Elena.
I woke up with a banging headache and as I looked around, I was in a room with the only source of light being the one dangling above my head and it was a very dim one.
It made me anxious and terrified, I felt nauseous immediately. Being the daughter of a man like Bruno Amato, I had been in this sort of position not once nor twice, both by the people that were supposed to protect me and the monsters I had known.
After the mixture of harshness and passionate bullshit that happened yesterday, I knew I had to be scared for my life.
I tried to get up but then realized that I was been held back by something. My right wrist had been held back by a cuff. I had been cuffed to a pole right beside the chair I was on.

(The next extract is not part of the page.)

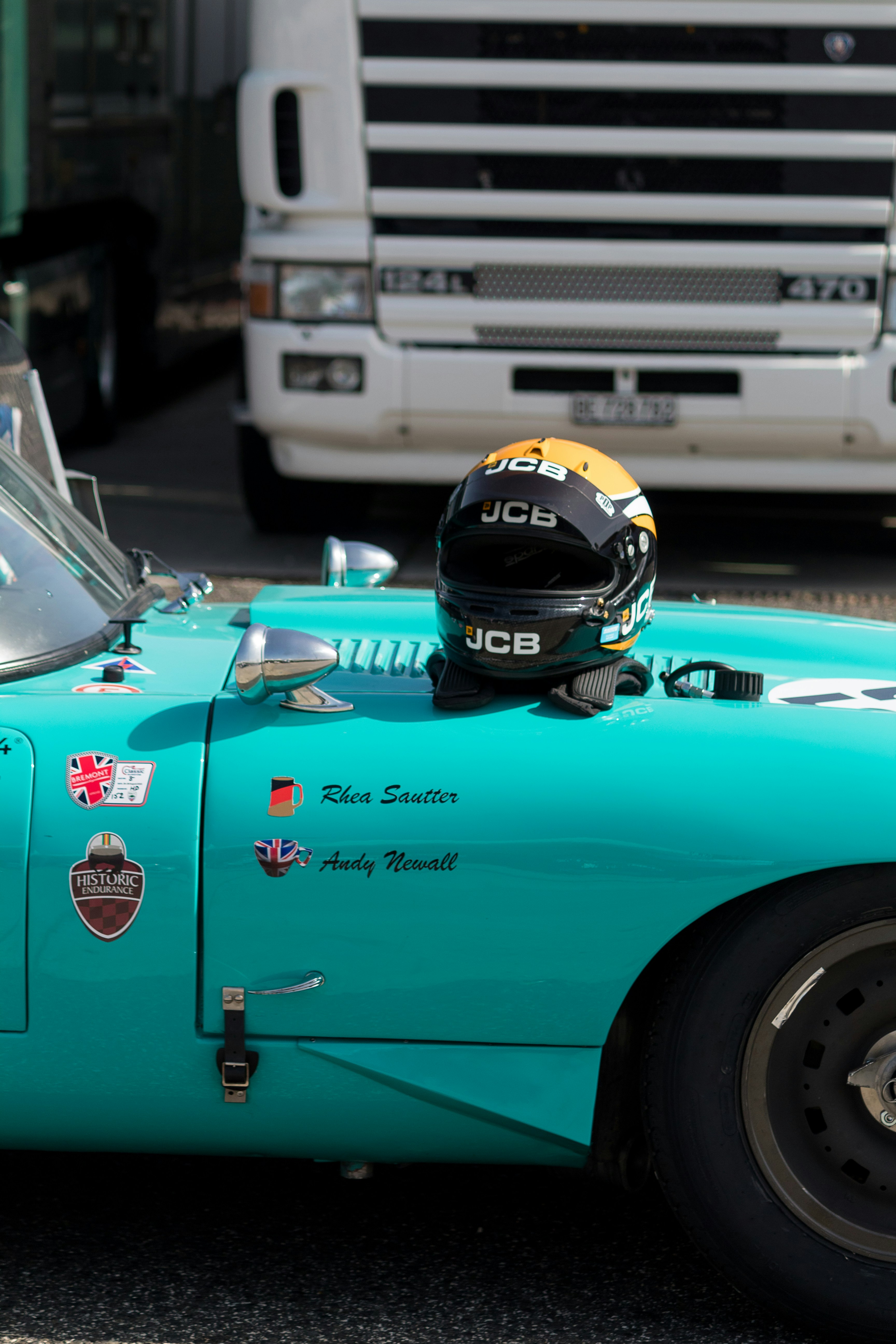 Racing helmet resting on the bonnet.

I didn't know when I started to cry as soon as I realized that I had just gotten myself into a trouble that seemed like it would cost me my life. This man seemed even more dangerous, an alpha, one whose aura screamed power and cruelty.
When footsteps started to approach the room I was in, I quickly dried my eyes. The door creaked open, making a whole bunch of light fill the room, my eyes struggled to come to terms with the sudden exposure as I squinted.
Once my eyes got adjusted to the bright light, I opened my eyes fully to look at who had come in.
It was him.
The man whose name I was yet to know and still managed to scare me. He was still naked at the upper part of his body and somehow, I was convinced that this man keeps trying to show off. Not that I was complaining though, I found myself looking at his biceps and the tattoos that adorned them like art.
If he weren't so scary, maybe I would have wished to run my hands through them, but if I wish that right now, it means I'm really in for my own death sentence.
And maybe I really am in for my own death sentence, suicide even.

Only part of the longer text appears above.